Don’t move it! Light bulbs get hot. Really hot. And when metal (which makes up a bulb’s filament) gets hot, it gets brittle. The more you handle a bulb with a brittle filament, the more vibration you subject it to, making the filament much more likely to snap. This doesn’t apply only to handling the bulb; it also applies to placement. Any bulb installed in a place that moves also moves. The swish of a ceiling fan or the slam of a refrigerator door, while barely heard by you, is a light bulb’s death knell. It’s for this reason that you may have seen special bulbs with reinforced filaments marketed as “ceiling fan bulbs” and “appliance bulbs.” As you might have picked up, this rule only applies to bulbs with filaments, like incandescent and halogen bulbs.
Leave it on! This may sound contradictory to common sense, but it’s not. Every time you flip a switch, you are blasting your light bulb with power. That poor little filament is forced to go from room temperature to 5000° F in a fraction of a second! You do that too many times, and the filament will literally crack under the pressure. This also goes for ballasted bulbs like linear fluorescents, CFLs, and HID lamps. In the case of an instant start fluorescent ballast, you’re hitting the fluorescent tube cathodes with 600 volts every time you flip the switch. After so many power cycles, the lamp will fail. Keep in mind, however, that while this trick will prolong the life of your bulb, it could also increase your electricity usage.

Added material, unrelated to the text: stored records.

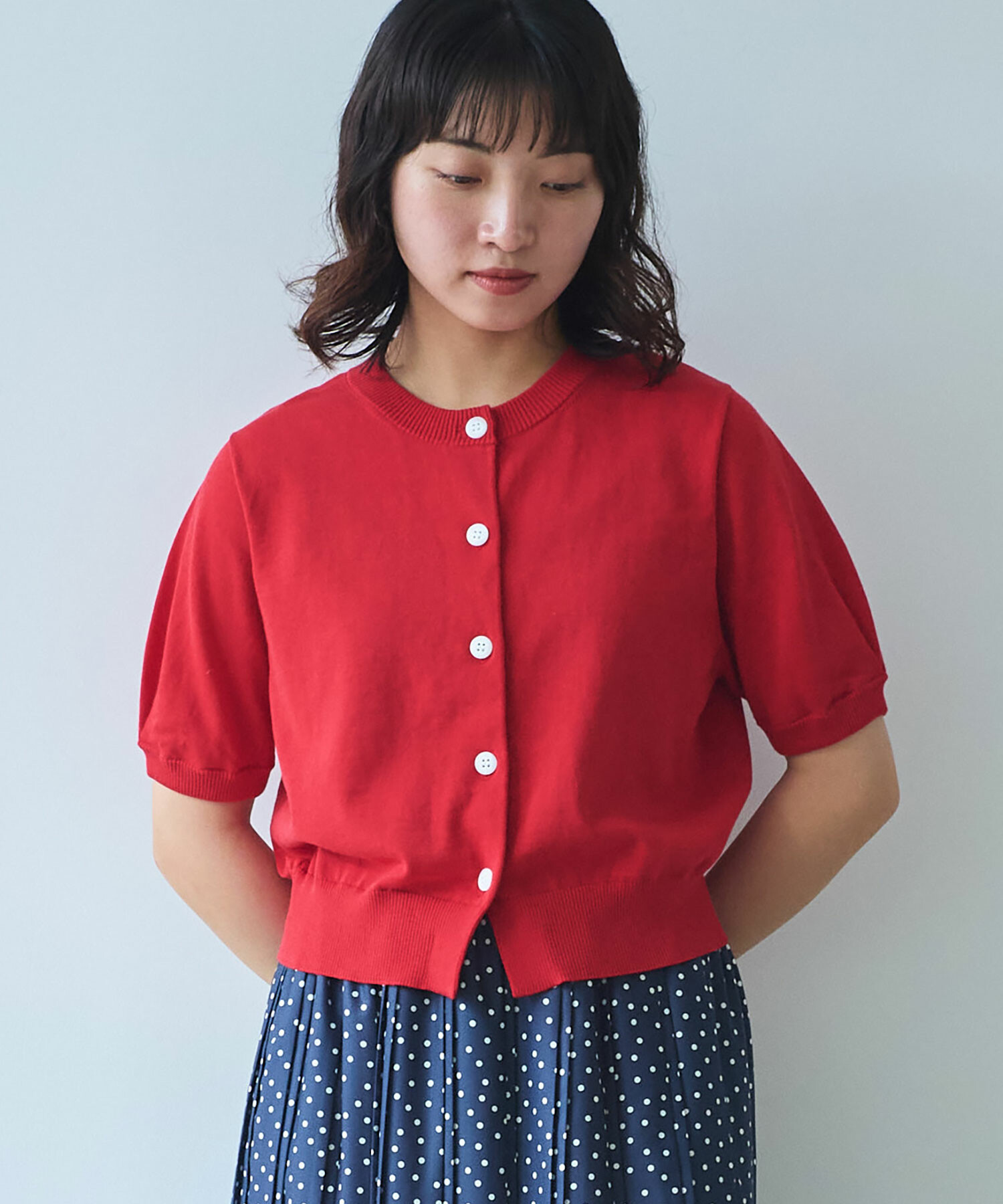 AMBIDEX Store △〇 COOL POTTER 半袖カーディガン(F アカ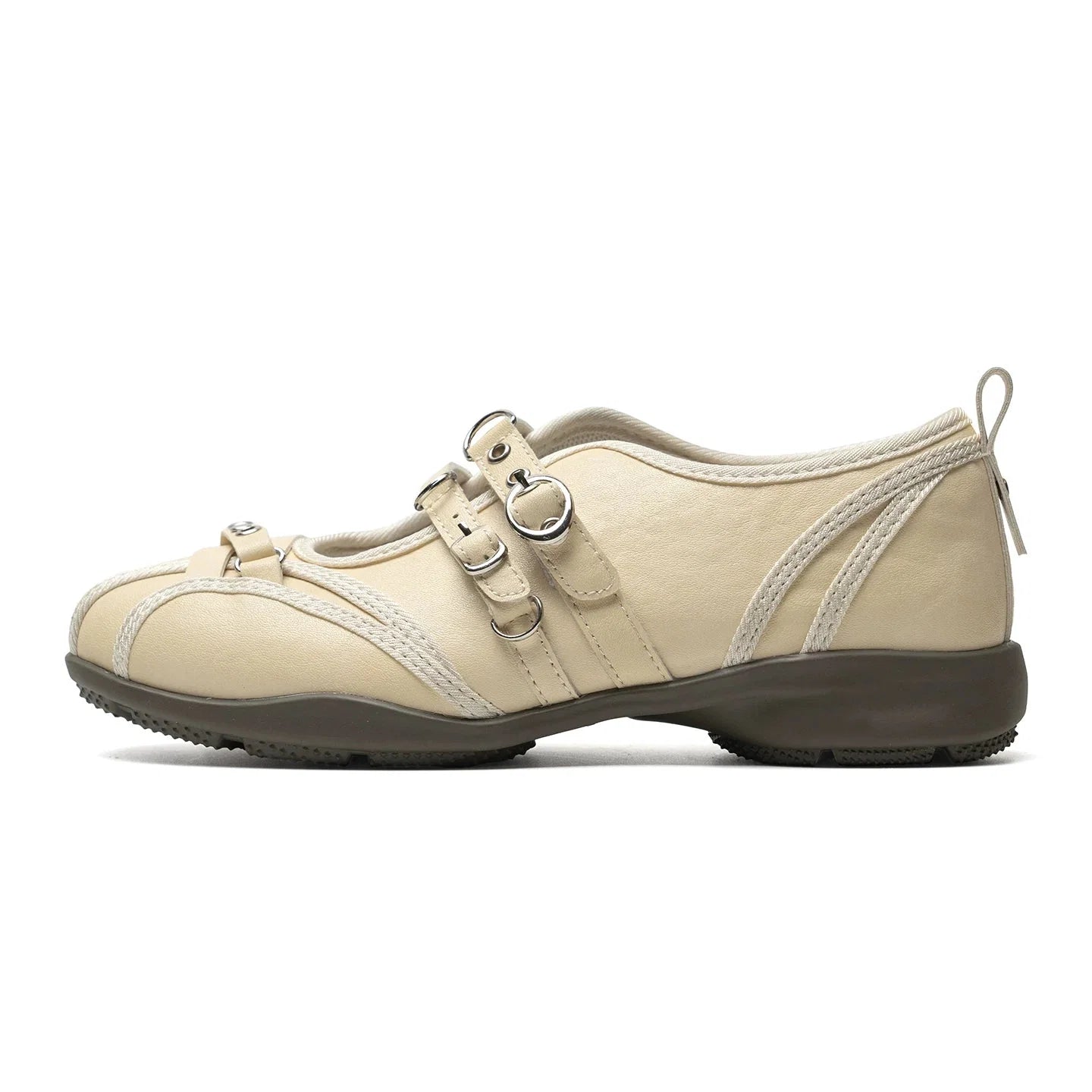 Noir Rivet Harness Flats - Skipkicks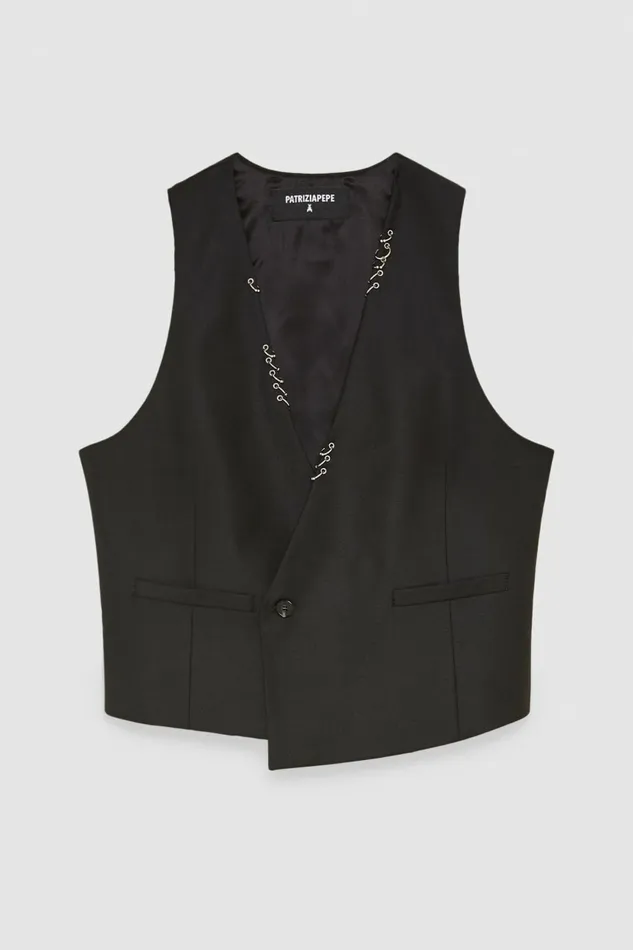 Patrizia Pepe Jackets Asymmetrical Vest With Piercing Black 8211 Men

Operate it at low power. This may be the real secret to the Centennial Bulb’s longevity. Less power means less heat, which translates to less stress on a bulb filament. If you live in the United States, your house is operating on ~110V, so if you buy a bulb rated for 130V, you’ll be hitting the bulb with 15% less power than it is designed to handle (130V – 15% = 110.5V). You can stretch this principle even further with a dimmer switch. When you dim a bulb, you are lowering the voltage delivered to the bulb filament, putting it under less stress. This also applies to fluorescent technology, but in a slightly different way: Unlike an instant start ballast, a programmed start ballast supplies a much lower starting voltage and heat to the lamp. If you switch to this type of ballast, you could extend the life of your fluorescent bulbs by over 30%.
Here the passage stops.